But now the city and the franchise are at a crossroads. The Carolina Panthers want to renovate the outdoor 74,000-seat Bank of America Stadium.

And the team is asking the public for help.

On Monday, Panthers owner Jerry Richardson and team President Danny Morrison met with new Gov. Pat McCrory and House Speaker Thom Tillis to discuss the multimillion-dollar project. Both politicians are from the Charlotte area, and McCrory was the city's mayor for 14 years.

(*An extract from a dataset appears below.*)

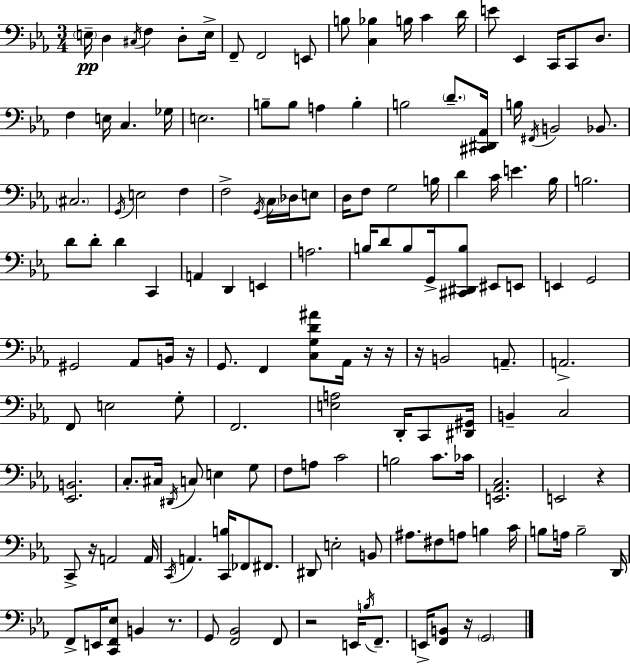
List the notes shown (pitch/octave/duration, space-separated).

E3/s D3/q C#3/s F3/q D3/e E3/s F2/e F2/h E2/e B3/e [C3,Bb3]/q B3/s C4/q D4/s E4/e Eb2/q C2/s C2/e D3/e. F3/q E3/s C3/q. Gb3/s E3/h. B3/e B3/e A3/q B3/q B3/h D4/e. [C#2,D#2,Ab2]/s B3/s F#2/s B2/h Bb2/e. C#3/h. G2/s E3/h F3/q F3/h G2/s C3/s Db3/s E3/e D3/s F3/e G3/h B3/s D4/q C4/s E4/q. Bb3/s B3/h. D4/e D4/e D4/q C2/q A2/q D2/q E2/q A3/h. B3/s D4/e B3/e G2/s [C#2,D#2,B3]/e EIS2/e E2/e E2/q G2/h G#2/h Ab2/e B2/s R/s G2/e. F2/q [C3,G3,D4,A#4]/e Ab2/s R/s R/s R/s B2/h A2/e. A2/h. F2/e E3/h G3/e F2/h. [E3,A3]/h D2/s C2/e [D#2,G#2]/s B2/q C3/h [Eb2,B2]/h. C3/e. C#3/s D#2/s C3/e E3/q G3/e F3/e A3/e C4/h B3/h C4/e. CES4/s [E2,Ab2,C3]/h. E2/h R/q C2/e R/s A2/h A2/s C2/s A2/q. [C2,B3]/s FES2/e F#2/e. D#2/e E3/h B2/e A#3/e. F#3/e A3/e B3/q C4/s B3/e A3/s B3/h D2/s F2/e E2/s [C2,F2,Eb3]/e B2/q R/e. G2/e [F2,Bb2]/h F2/e R/h E2/s B3/s F2/e. E2/s [F2,B2]/e R/s G2/h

His first term was in 1995, the Panthers' inaugural season.

Tillis said Tuesday that discussions have been preliminary but that there are fears from city and state leaders that the Pantherscould move if they don't receive help.

Tillis said he's treating the Panthers like any other large business in North Carolina. He said the team creates 4,400 direct jobs and an estimated 1,500 indirect jobs. Moving the team out of the state is a real concern, Tillis said.

``They are a major employer in North Carolina,'' said Tillis, adding that he meets with major businesses in the state ``that are considering moving somewhere else, and that is a very real possibility for the Panthers.''

He said, though, there haven't been many details so far about what the team wants.

``I've been clear with the Panthers organization that it is not appropriate to have state taxpayer dollars go directly into the stadium, so that's more or less a level set on our part,'' he said.

Two weeks ago, Richardson met with City Council in a private session to talk about the money.

The city has been doing most of the negotiations behind closed doors. The Panthers are seeking money from both the city and state to help offset the proposed $250 million project.

One possible funding source: Doubling the prepared food and beverage tax to 2 percent. The state's General Assembly would have to approve the tax increase.

In Charlotte, people are talking about it.

``We should do everything we can to save the Panthers,'' said Troy Taylor, 44, a financial analyst and Panthers fan. ``It's an NFL team. It helps with the city's profile - especially when they play on national TV. They've become a big part of the city.''

But Shirley Parker wonders if the team should ask for taxpayer dollars.

``Do they really need the money? Why can't they pay for it themselves? Why do sports teams always turn to the public?'' asked the 55-year-old teacher.

Mayor Anthony Foxx has declined to discuss the talks. But he said this week that the city would like to build on the success of this past summer's three-day Democratic National Convention, which drew 35,000 people to Charlotte and pumped nearly $164 million into the local economy. That includes bidding to host a Super Bowl.

Charlotte is home to the headquarters of Bank of America and major operations for Wells Fargo, two of the largest U.S. financial institutions. Both are in the central business district, within walking distance of the stadium.

The Panthers' stadium, which cost $190 million, was completed in 1996.

It was paid for with private money collected through the sale of permanent seat licenses or PSLs, with the Panthers being the first NFL franchise to use that marketing model to raise money.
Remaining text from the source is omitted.